Examples & Case Studies
-
LevelDB / RocksDB (LSM-Tree)
- Used as storage engine for Cassandra, HBase, TiKV, many others
- RocksDB: Facebook’s fork, optimized for NVMe SSDs
- Used inside: MyRocks (MySQL), MongoRocks (MongoDB)
-
InnoDB (B-Tree)
- MySQL’s default storage engine
- Clustered index: rows stored in primary key order
- Separate secondary indexes point back to primary key
-
Vertica / Snowflake (Column Store)
- Purpose-built for OLAP analytics
- Redundant column sorts, aggressive compression
- Query optimizer chooses best sort order at query time
-
Bitcask (Hash Index)
- Riak’s default storage engine
- All keys in RAM, values on disk
- Best for workloads with small key space, frequent updates to same keys
Questions
- Why are sequential writes faster than random writes, and how do LSM-trees exploit this?
- When would you use an LSM-tree storage engine vs a B-tree?
- How does compaction work in LSM-trees, and what are its downsides?
- What is write amplification and why does it matter?
- Why is column-oriented storage better for analytics than row-oriented?
- When should you use an OLAP warehouse vs querying your OLTP database directly?
- What is a Bloom filter and why is it critical for LSM-tree performance?
- How does a data cube differ from a materialized view?
Modern Context (2026)
NVMe SSDs Change Trade-offs:
- Random I/O penalty for B-trees largely eliminated on NVMe
- LSM-tree sequential write advantage matters less
- RocksDB tuned specifically for NVMe characteristics
- New storage engine research: LSMT variants (WiscKey: key-value separation)

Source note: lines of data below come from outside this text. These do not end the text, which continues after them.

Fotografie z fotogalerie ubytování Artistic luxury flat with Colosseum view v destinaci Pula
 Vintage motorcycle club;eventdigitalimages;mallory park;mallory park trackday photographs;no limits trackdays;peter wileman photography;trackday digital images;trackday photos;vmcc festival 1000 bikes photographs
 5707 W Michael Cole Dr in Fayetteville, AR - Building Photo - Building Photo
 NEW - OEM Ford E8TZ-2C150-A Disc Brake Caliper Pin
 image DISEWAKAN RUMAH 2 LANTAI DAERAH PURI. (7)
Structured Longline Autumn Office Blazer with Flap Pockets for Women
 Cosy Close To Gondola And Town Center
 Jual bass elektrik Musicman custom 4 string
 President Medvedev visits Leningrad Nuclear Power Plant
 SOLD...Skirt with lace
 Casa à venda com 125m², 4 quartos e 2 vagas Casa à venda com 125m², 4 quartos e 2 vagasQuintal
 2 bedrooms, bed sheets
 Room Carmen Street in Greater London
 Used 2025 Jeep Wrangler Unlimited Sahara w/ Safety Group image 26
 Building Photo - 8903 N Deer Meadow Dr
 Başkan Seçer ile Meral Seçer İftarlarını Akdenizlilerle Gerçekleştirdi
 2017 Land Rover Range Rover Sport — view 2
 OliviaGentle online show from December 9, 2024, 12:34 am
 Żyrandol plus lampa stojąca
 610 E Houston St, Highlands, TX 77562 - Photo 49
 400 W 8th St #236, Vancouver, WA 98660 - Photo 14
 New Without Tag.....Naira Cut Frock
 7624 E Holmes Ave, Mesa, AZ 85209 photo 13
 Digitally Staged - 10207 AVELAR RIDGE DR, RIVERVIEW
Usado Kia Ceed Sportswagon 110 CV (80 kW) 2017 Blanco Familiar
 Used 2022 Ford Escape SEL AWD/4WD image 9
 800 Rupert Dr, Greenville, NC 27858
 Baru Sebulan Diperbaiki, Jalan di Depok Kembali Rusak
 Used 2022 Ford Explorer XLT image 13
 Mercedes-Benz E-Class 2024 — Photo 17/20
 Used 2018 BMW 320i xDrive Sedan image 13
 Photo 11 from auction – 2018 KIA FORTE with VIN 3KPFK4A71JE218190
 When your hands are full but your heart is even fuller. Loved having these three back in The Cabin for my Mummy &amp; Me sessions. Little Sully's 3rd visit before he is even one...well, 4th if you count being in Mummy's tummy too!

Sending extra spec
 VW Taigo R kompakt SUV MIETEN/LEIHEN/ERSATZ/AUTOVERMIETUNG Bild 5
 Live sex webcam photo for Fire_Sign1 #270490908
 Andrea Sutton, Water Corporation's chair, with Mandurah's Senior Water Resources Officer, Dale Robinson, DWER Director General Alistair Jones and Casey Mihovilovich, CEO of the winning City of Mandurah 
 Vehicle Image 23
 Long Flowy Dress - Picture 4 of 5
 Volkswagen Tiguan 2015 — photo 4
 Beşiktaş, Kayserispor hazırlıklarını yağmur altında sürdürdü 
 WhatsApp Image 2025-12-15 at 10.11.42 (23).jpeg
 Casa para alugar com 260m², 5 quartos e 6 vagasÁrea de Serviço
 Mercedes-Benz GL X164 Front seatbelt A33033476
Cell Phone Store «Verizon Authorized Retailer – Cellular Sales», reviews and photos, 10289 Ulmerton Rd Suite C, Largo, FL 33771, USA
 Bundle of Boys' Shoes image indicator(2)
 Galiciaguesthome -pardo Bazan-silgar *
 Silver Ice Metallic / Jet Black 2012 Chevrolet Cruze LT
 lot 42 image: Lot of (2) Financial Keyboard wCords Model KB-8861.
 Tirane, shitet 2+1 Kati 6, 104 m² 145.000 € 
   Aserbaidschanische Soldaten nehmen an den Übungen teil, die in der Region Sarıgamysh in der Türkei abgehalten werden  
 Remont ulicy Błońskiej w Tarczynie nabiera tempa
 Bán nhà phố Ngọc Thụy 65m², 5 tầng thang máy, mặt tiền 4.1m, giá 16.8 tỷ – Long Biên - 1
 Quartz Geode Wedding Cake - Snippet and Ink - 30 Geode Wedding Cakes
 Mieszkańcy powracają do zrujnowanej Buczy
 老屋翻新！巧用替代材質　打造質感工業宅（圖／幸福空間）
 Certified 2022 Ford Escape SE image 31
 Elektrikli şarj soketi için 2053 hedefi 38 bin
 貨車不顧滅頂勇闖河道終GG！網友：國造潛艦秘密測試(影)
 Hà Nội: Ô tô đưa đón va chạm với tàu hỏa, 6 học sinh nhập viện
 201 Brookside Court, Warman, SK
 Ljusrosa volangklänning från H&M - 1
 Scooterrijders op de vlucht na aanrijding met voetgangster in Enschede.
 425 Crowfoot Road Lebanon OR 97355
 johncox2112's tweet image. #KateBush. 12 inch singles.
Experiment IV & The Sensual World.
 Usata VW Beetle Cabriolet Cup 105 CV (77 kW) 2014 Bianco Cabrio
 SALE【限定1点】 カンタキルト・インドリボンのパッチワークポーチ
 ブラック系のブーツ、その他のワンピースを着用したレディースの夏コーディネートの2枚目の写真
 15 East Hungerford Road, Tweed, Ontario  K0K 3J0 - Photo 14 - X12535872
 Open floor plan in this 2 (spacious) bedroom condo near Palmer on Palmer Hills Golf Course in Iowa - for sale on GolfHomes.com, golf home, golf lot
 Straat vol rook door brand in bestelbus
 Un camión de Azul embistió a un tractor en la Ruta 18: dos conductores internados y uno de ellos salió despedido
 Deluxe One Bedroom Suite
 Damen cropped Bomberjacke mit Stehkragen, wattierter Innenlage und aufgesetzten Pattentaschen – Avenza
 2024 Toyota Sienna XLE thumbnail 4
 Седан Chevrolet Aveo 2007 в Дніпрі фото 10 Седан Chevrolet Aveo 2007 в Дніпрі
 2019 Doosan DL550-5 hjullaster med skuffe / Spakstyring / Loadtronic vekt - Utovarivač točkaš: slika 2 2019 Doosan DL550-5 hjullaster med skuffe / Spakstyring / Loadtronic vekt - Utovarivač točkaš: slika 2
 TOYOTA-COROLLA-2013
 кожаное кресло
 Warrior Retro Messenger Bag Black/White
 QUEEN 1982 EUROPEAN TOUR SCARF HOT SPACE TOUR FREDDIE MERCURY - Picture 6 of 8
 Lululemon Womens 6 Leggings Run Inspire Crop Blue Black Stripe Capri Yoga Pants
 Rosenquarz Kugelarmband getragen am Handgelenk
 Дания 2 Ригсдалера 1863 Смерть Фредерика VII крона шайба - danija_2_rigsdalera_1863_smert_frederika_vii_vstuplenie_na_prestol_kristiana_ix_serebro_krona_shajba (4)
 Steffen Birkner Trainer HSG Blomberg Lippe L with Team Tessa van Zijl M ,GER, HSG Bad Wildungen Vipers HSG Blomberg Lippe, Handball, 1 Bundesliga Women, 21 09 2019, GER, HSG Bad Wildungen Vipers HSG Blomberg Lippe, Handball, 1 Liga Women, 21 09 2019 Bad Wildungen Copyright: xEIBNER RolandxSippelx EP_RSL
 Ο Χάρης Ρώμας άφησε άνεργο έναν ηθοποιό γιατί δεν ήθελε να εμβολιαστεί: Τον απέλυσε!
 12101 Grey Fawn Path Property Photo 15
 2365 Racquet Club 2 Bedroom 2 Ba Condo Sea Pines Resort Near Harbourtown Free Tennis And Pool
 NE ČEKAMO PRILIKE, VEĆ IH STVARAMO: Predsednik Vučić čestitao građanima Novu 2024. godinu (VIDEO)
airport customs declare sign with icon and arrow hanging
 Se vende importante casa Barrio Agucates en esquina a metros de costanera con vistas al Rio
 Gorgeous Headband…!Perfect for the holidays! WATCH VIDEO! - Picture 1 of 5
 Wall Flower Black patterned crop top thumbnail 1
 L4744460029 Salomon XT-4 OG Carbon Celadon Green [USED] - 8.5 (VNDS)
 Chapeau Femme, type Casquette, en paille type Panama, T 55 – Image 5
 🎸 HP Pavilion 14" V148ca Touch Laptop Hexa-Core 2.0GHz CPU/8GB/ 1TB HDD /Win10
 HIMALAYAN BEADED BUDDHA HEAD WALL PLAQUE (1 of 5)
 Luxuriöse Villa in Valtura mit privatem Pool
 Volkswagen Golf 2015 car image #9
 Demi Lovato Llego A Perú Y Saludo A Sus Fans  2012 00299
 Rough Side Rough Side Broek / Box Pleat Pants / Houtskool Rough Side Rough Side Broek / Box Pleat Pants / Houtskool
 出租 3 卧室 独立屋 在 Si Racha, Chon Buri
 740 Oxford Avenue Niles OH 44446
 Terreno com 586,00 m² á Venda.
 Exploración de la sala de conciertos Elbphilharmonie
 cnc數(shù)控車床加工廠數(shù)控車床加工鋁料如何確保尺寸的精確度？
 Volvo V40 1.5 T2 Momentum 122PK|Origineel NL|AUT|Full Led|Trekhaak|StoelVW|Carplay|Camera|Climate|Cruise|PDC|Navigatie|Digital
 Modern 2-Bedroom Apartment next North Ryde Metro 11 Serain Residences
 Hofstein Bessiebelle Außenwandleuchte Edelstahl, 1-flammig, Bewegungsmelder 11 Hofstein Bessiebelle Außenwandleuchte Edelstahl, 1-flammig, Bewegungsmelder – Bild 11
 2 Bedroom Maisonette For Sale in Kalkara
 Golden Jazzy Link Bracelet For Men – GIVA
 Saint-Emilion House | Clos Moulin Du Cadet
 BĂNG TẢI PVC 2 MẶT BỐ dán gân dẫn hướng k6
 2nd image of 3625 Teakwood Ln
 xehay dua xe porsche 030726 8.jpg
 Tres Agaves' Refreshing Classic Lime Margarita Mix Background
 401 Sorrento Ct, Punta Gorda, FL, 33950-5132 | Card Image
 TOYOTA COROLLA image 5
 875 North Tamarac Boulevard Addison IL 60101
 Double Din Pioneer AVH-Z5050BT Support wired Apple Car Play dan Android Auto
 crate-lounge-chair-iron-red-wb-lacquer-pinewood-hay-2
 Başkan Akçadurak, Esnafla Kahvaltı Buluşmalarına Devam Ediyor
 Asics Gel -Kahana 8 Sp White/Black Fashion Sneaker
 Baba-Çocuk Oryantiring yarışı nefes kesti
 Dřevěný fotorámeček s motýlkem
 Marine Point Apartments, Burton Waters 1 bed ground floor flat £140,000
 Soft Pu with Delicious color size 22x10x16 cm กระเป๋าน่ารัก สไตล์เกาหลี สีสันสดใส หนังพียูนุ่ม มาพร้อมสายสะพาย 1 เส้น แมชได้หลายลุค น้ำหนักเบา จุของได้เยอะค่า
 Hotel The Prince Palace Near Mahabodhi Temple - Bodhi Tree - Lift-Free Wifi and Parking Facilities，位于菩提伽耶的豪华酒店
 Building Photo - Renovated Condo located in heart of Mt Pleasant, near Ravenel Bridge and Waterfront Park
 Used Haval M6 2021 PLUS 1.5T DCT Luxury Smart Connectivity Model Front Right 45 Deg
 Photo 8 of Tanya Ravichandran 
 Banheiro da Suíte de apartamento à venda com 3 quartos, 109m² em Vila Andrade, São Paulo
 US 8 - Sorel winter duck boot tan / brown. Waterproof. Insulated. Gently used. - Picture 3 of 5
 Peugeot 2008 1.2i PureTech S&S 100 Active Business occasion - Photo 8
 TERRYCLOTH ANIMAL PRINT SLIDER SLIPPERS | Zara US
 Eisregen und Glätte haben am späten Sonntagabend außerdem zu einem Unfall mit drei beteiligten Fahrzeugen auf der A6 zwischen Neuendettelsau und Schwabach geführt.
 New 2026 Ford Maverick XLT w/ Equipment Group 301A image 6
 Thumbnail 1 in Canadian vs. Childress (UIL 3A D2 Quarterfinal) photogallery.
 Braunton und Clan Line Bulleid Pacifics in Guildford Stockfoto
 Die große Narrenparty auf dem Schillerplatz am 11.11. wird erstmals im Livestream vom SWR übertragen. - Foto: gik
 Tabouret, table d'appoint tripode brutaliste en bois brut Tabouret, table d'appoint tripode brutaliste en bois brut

Cloud-Native Storage Separation:
- Disaggregated storage: compute separated from storage (Aurora, Neon, TiDB)
- Shared storage layer replaces WAL-per-node architectures
- S3-compatible object storage as “infinite disk”
HTAP (Hybrid Transactional/Analytical Processing):
- Single database for both OLTP and OLAP workloads
- TiDB (row store + column store in one), SingleStore, YugabyteDB
- Eliminates ETL pipeline latency for real-time analytics
Lakehouse Architecture:
- Delta Lake, Apache Iceberg, Apache Hudi
- ACID transactions over Parquet files on S3
- Blur the line between data lake and data warehouse
- Merge OLAP query performance with raw data flexibility
Vector Storage:
- HNSW (Hierarchical Navigable Small World) index for approximate nearest neighbor
- Specialized storage for embedding vectors
- Integrated into PostgreSQL (pgvector), Elasticsearch, and dedicated systems
Status: Notes complete
Last Updated: 2026-04-13